(Image-caption web data)
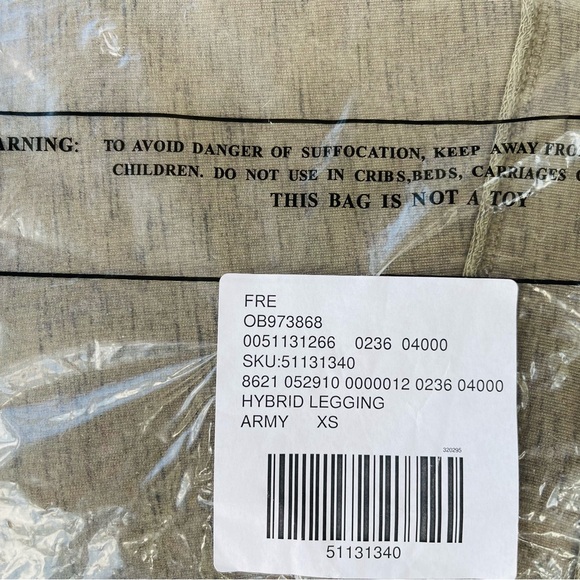 New with tags! FREE PEOPLE MOVEMENT Hybrid Legging in ARMY Size XS - Picture 12 of 16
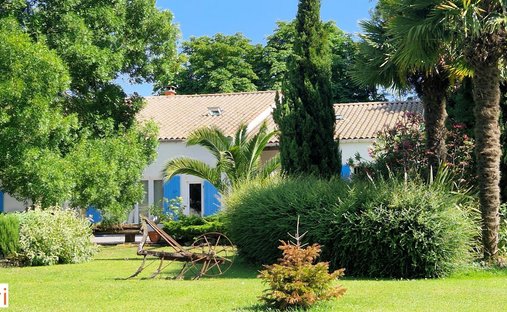 House in Vouhe, Nouvelle-Aquitaine, France 1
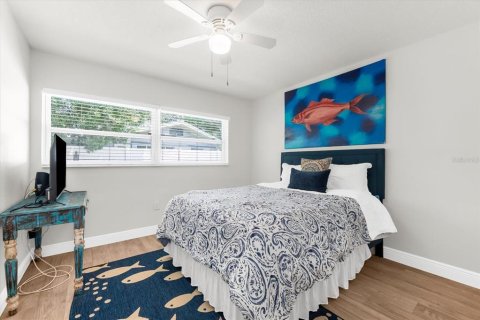 Casa en venta en Palm Harbor, Florida, 4 dormitorios, 211.72 m2 № 1914475 - foto 26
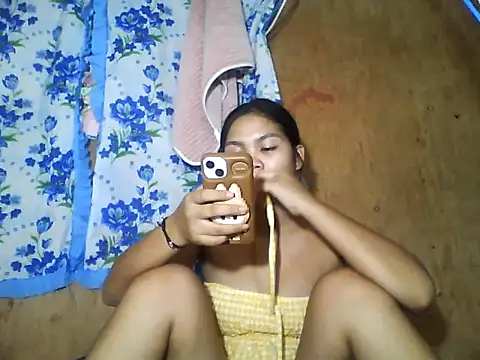 PinaySkinnyJust18 online show from 07-13-26, 09:30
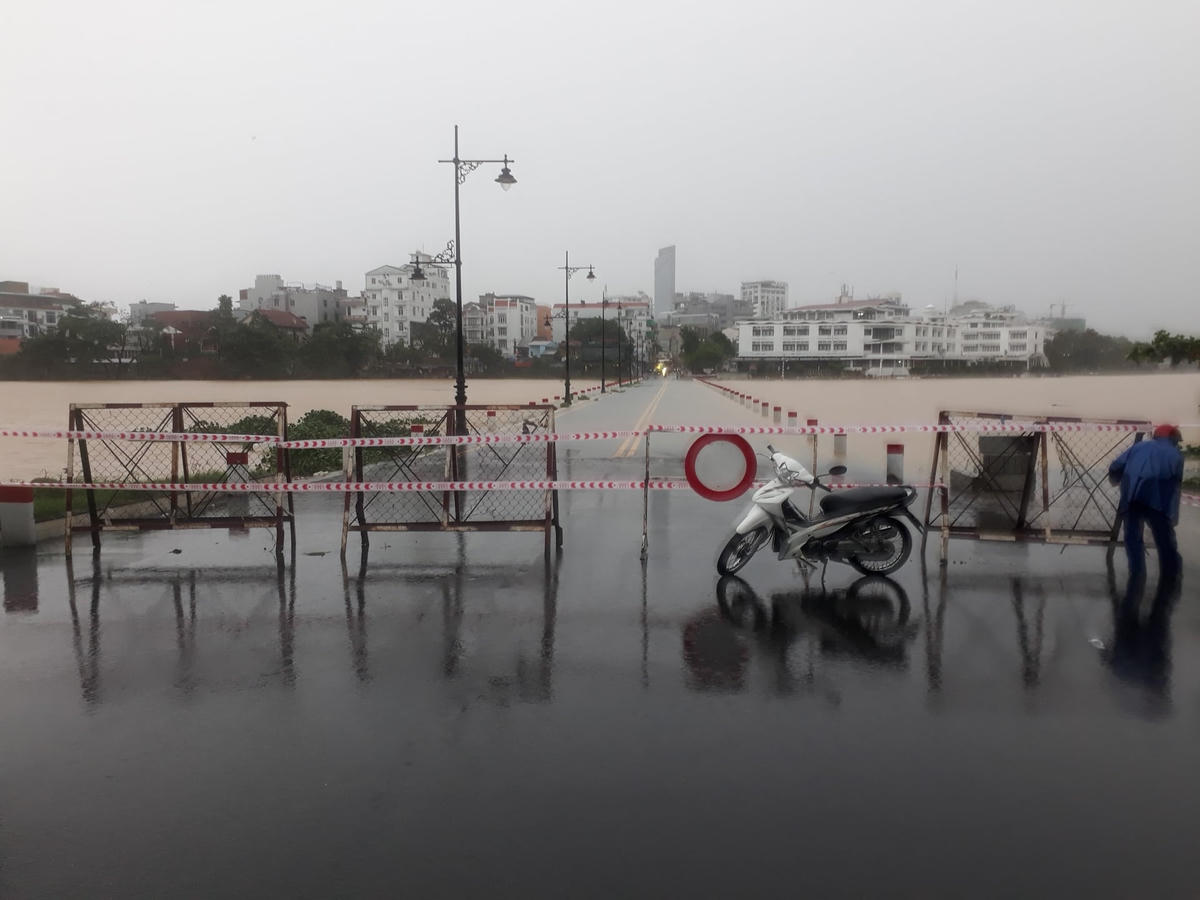 Những tuyến đường ngập sâu, lực lượng công an đã chốt chặn để kiểm soát giao thông đi lại. Ảnh: CTV.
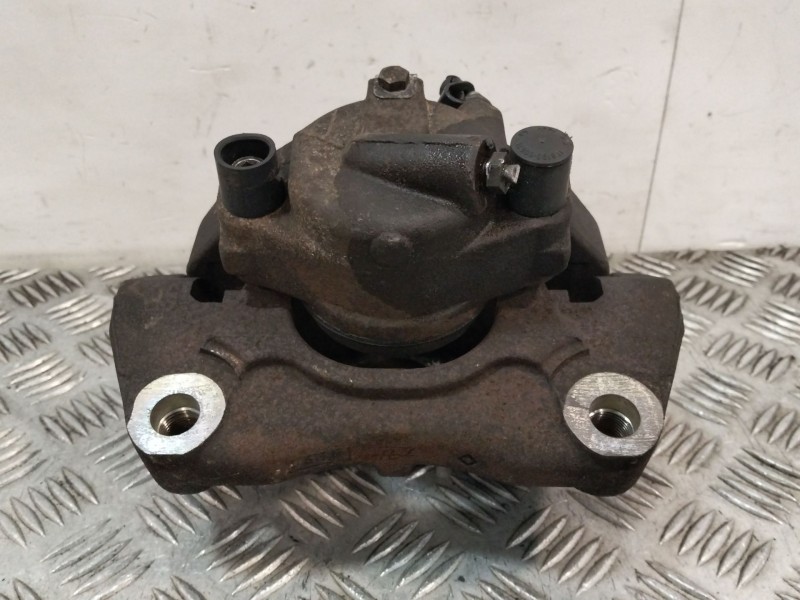 Recambio de pinza freno delantera derecha para volkswagen touareg (7la) referencia OEM IAM 7L6106D  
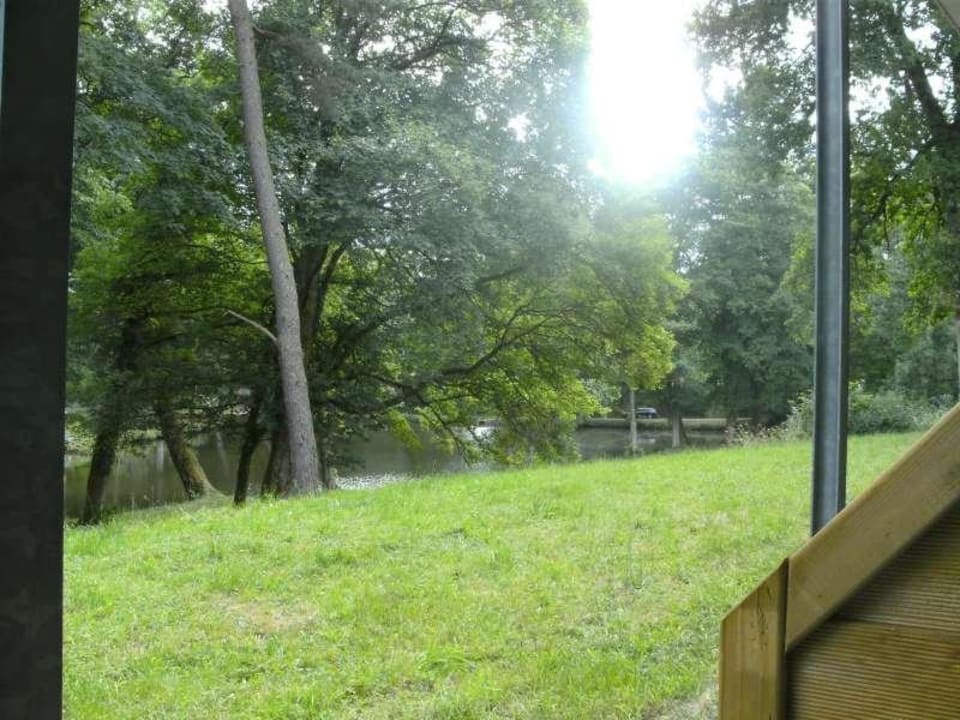 Blick auf Garten und Weiher Hotel Hofgut Imsbach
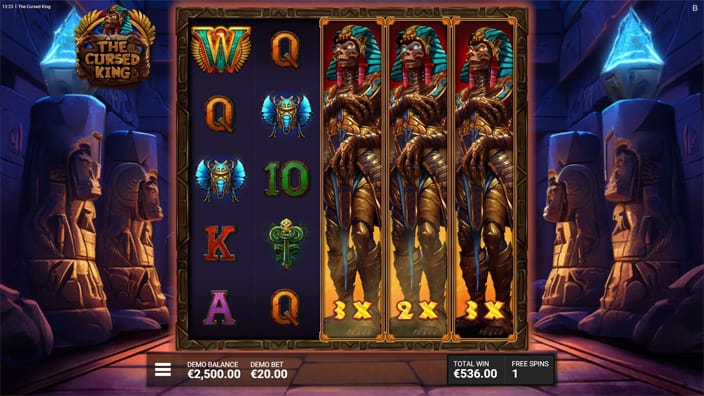 The Cursed King slot feature expanding wilds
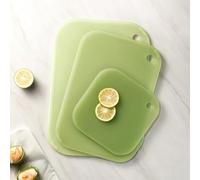 Planche à découper en ABS polyvalente : robuste, facile à nettoyer, sûre et bien rangée dans la cuisine !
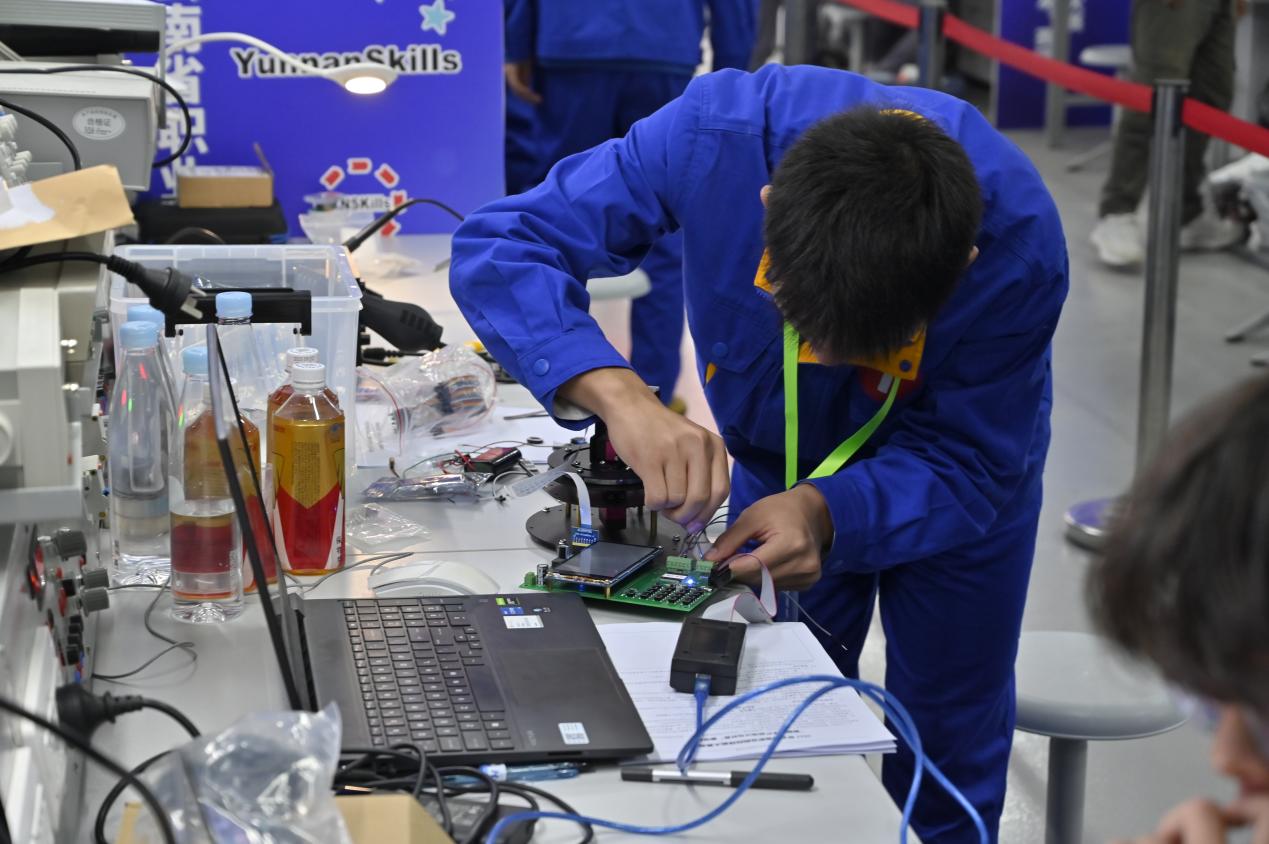 智創(chuàng)未來(lái)，技展風(fēng)采——我校成功承辦2023年云南省職業(yè)院校技能大賽“智能電子產(chǎn)品設(shè)計(jì)與開發(fā)”賽項(xiàng)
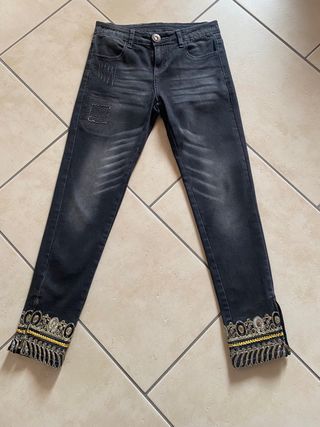 Bellissimi jeans Desigual neri con ricami oro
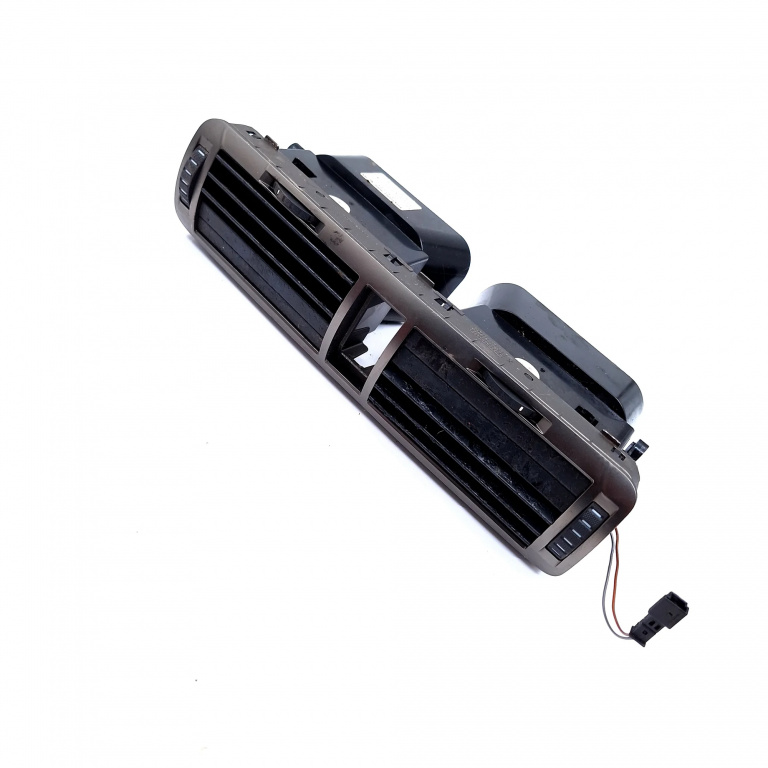 Grila Ventilatie Aer Din Bord Skoda Superb 1 (3U) 2001-2008 Centru 3U0820951A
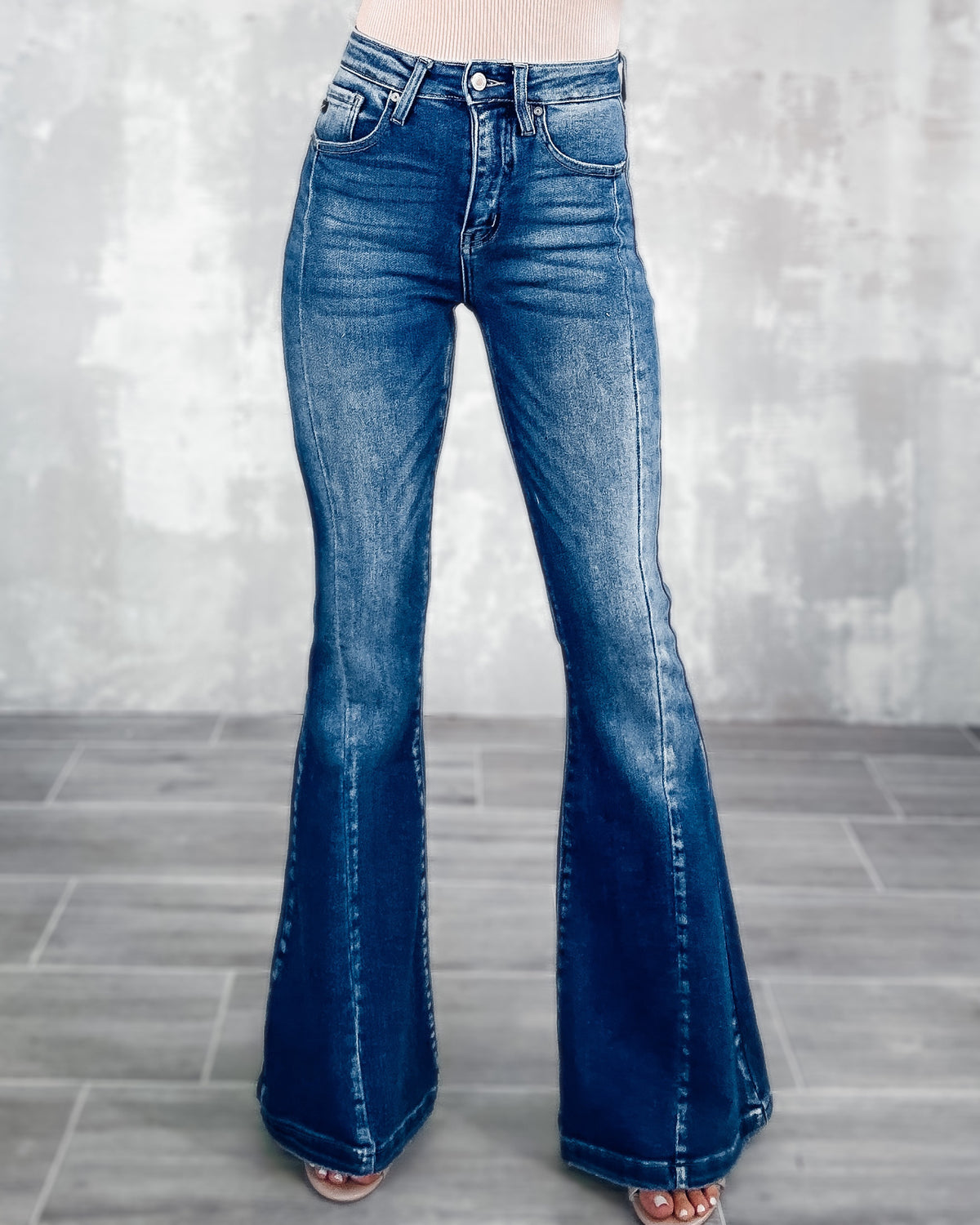 Sadie Super Flare Jeans - Medium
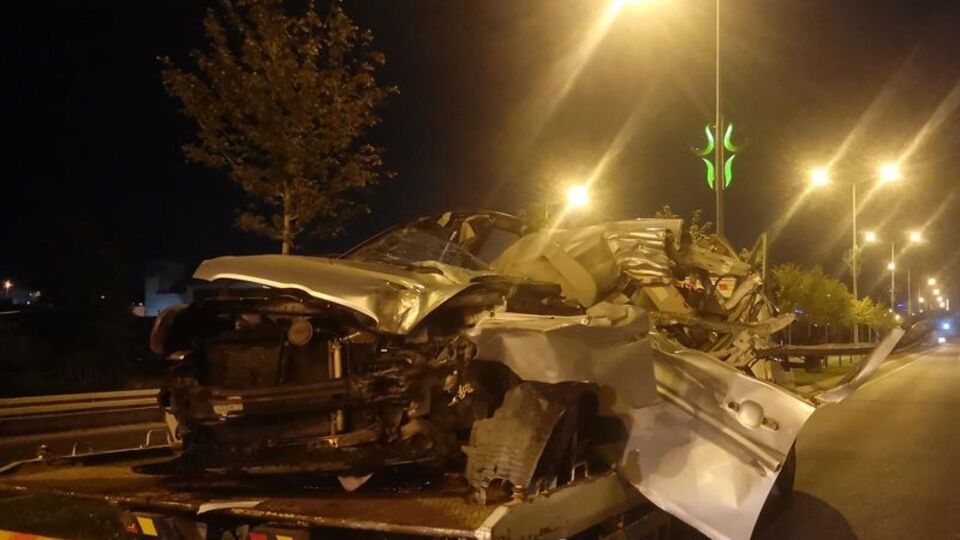 Kamyonete çarpan otomobil sürücüsü hayatını kaybetti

__What you have to do__: Give the entries again without a single change, but with no pictures.

__Response below__:
 New with tags! FREE PEOPLE MOVEMENT Hybrid Legging in ARMY Size XS - Picture 12 of 16
 House in Vouhe, Nouvelle-Aquitaine, France 1
 Casa en venta en Palm Harbor, Florida, 4 dormitorios, 211.72 m2 № 1914475 - foto 26
 PinaySkinnyJust18 online show from 07-13-26, 09:30
 Những tuyến đường ngập sâu, lực lượng công an đã chốt chặn để kiểm soát giao thông đi lại. Ảnh: CTV.
 Recambio de pinza freno delantera derecha para volkswagen touareg (7la) referencia OEM IAM 7L6106D  
 Blick auf Garten und Weiher Hotel Hofgut Imsbach
 The Cursed King slot feature expanding wilds
 Planche à découper en ABS polyvalente : robuste, facile à nettoyer, sûre et bien rangée dans la cuisine !
 智創(chuàng)未來(lái)，技展風(fēng)采——我校成功承辦2023年云南省職業(yè)院校技能大賽“智能電子產(chǎn)品設(shè)計(jì)與開發(fā)”賽項(xiàng)
 Bellissimi jeans Desigual neri con ricami oro
 Grila Ventilatie Aer Din Bord Skoda Superb 1 (3U) 2001-2008 Centru 3U0820951A
 Sadie Super Flare Jeans - Medium
 Kamyonete çarpan otomobil sürücüsü hayatını kaybetti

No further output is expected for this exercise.